- Requirement
Return all of the data exactly, omitting any images.

- Exercise data

-- Opening Marker --

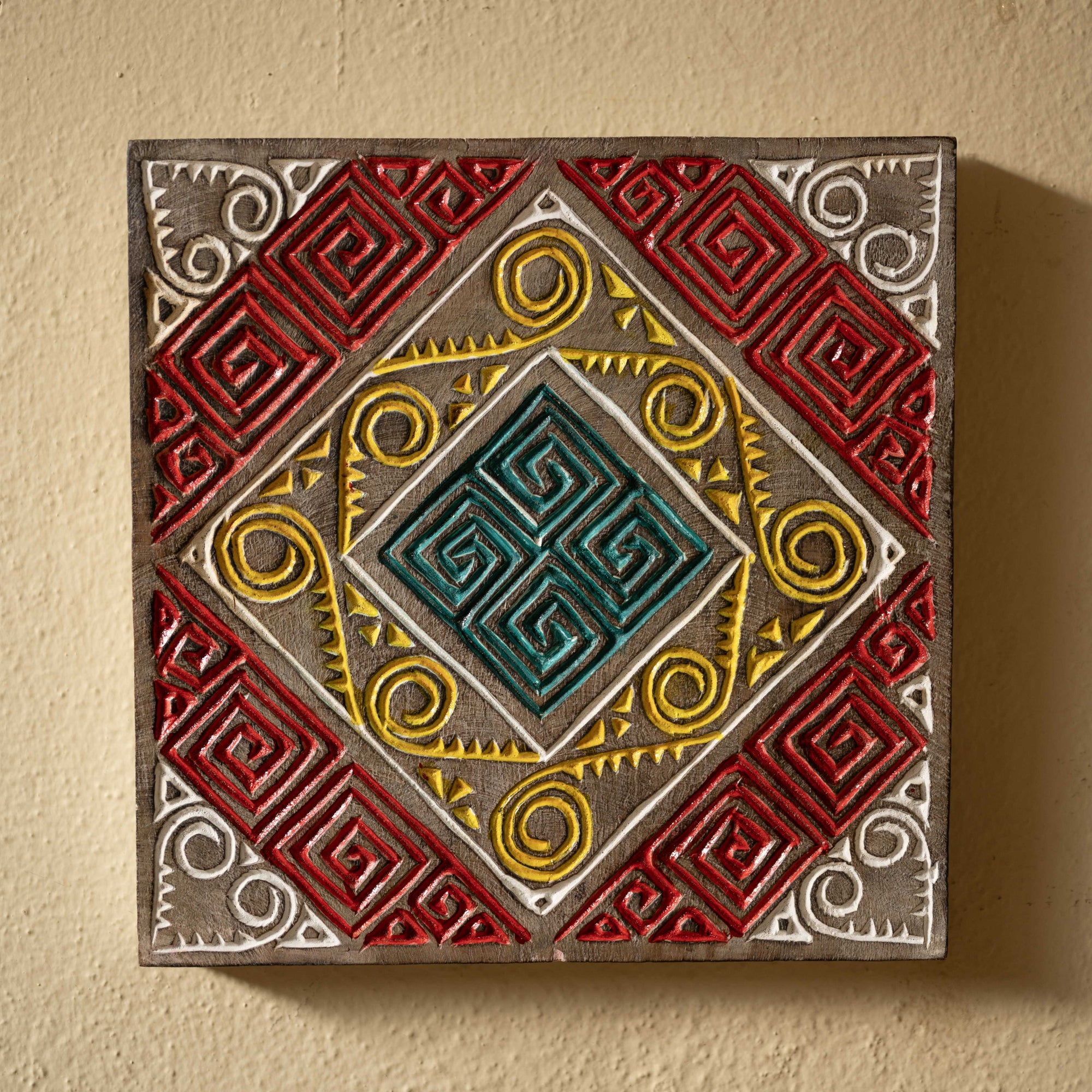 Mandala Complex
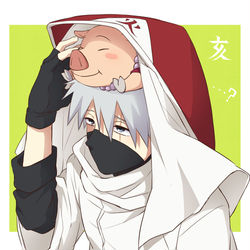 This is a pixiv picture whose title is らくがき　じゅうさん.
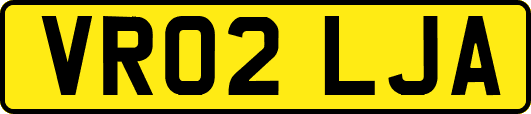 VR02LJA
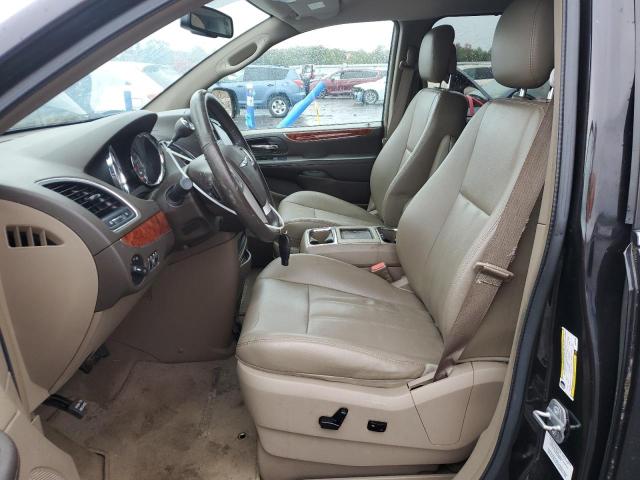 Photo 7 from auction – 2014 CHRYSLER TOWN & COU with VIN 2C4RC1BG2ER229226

-- Closing Marker --

- Result
 Mandala Complex
 This is a pixiv picture whose title is らくがき　じゅうさん.
 VR02LJA
 Photo 7 from auction – 2014 CHRYSLER TOWN & COU with VIN 2C4RC1BG2ER229226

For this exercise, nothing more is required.